On 04/24/2013 04:11 PM, Paul Berry wrote:
On 23 April 2013 21:22, Chad Versace <chad.vers...@linux.intel.com
<mailto:chad.vers...@linux.intel.com>> wrote:
On 04/23/2013 09:19 PM, Eric Anholt wrote:
Chad Versace <chad.vers...@linux.intel.com
<mailto:chad.vers...@linux.intel.com>> writes:
On 04/23/2013 06:19 AM, Ian Romanick wrote:
On 04/23/2013 03:28 AM, Chad Versace wrote:
This allows maintainers/packagers/testers to tag the
build with
information that will be reported by GL_VERSION.
If the environemt variable or make variable
MESA_VERSION_STRING_EXTRA is
environment
set, then its values will appear in the GL_VERSION
string immediately
after "Mesa X.Y" and before "(git-xxxxxxx)".
This patch implements supports
MESA_VERSION_STRING_EXTRA only for Android.

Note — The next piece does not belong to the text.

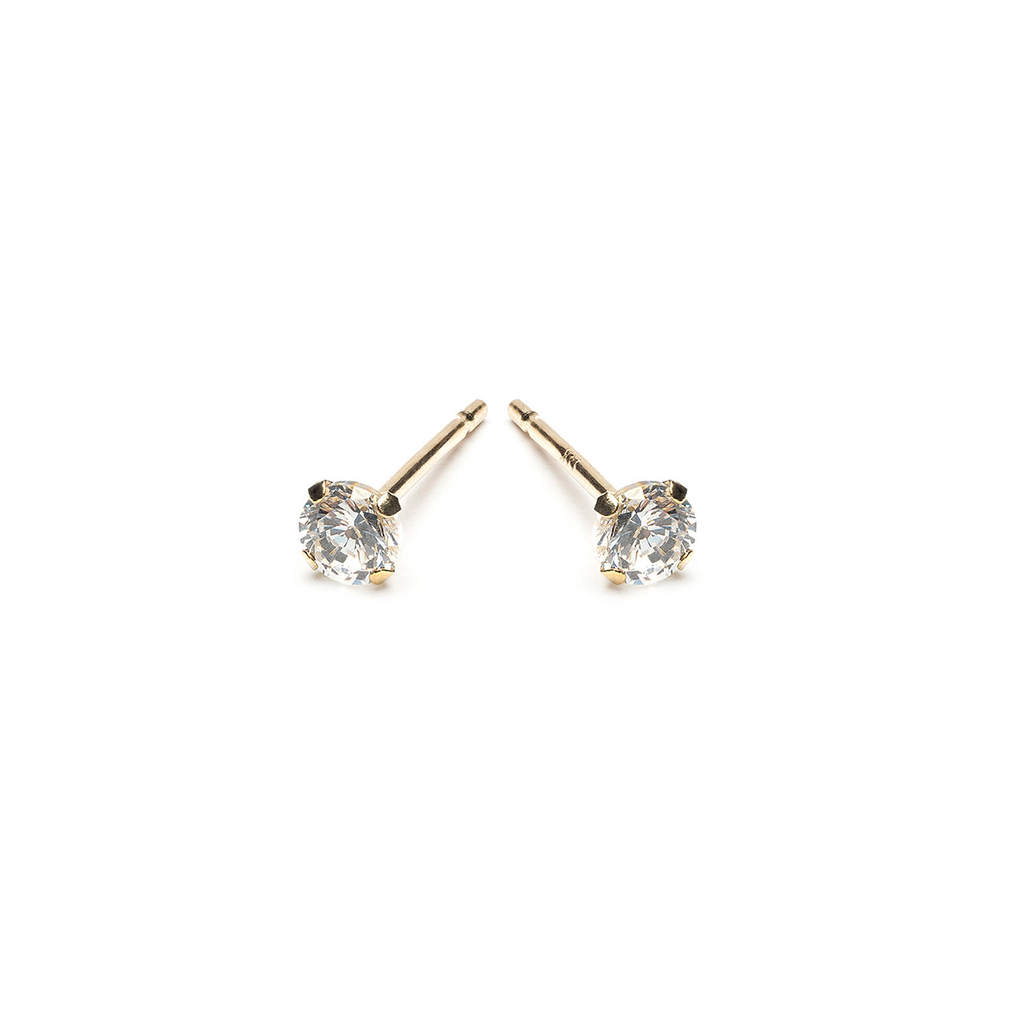 14k Gold 3 mm Round Cubic Zirconia Stud Earrings - Simply Whispers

Other build systems are left as an excercise.
Why is this useful?
The commit message says why: it allows packagers to tag the
build with info
that gets reported by GL_VERSION.
How is it used now? The Mesa that gets shipped bi-weekly
internally in Intel
for Android is not a snapshot of master nor of any stable
branch. Yet, that
snapshot of Mesa is "official", as far as Intel's Android
efforts are concerned.
The Android team is using this patch to inject into
GL_VERSION the name of the bi-weekly
Android release.
Without this patch, you may one day get a bug report that
says: "This bug exists
in Mesa 9.2-devel (git-xxxxxxx)". Then, you will search for
the git sha1, and
unable to find it, yell bloody murder and close the bug as
invalid. With this
patch, though, you may get a bug report that says: "This bug
exists in
Mesa 9.2-devel otc-android-2013-04-23-blah (git-xxxxxxx)",
and then you
will know how to find that Mesa.
So along with a useless sha1, I have a useless date that doesn't
tell me
what Mesa it was actually based off of. I say this having tried to
figure out what Mesa actually got used in one of these android
tests and
failed.
Rather than jabs and parrying, let's turn this conversation into a
constructive one. If you receive a
communication about Mesa on Android, how do you want the Mesa version
communicated to you so that you can fetch and then inspect that same
Mesa?
Keep in mind that the Android Mesa tree is regularly rebased onto
master, so the shas
are not as useful as you would hope. Also know that we have git tags for
the "useless" dates if you know where to fetch from.
Would it be helpful to use "git describe --long" to generate the git
portion of the GL_version string? That's essentially what the Linux
kernel build uses it for this kind of purpose. It generates a
generates a string like this: "mesa-9.1-9-ga5c79b7", where "mesa-9.1" is
the most recent annotated tag accessible from HEAD, "9" is the number of
commits between that tag and HEAD, and "a5c79b7" is the SHA of HEAD.
If we do this we might want to start making annotated tags of master
every now and again--currently the most recent annotated tag accessible
from master is a tag called "snb-magic" from November 2010.
Regardless of what happens with the rest of this, that is a fine idea.
I'd be in favor of tagging master each time we're going to make a stable
branch. I know GIT can figure out what the common root of two branches,
but it would be a lot easier to just do 'git log pre-9.1..' to see all
the commits since the branch was created.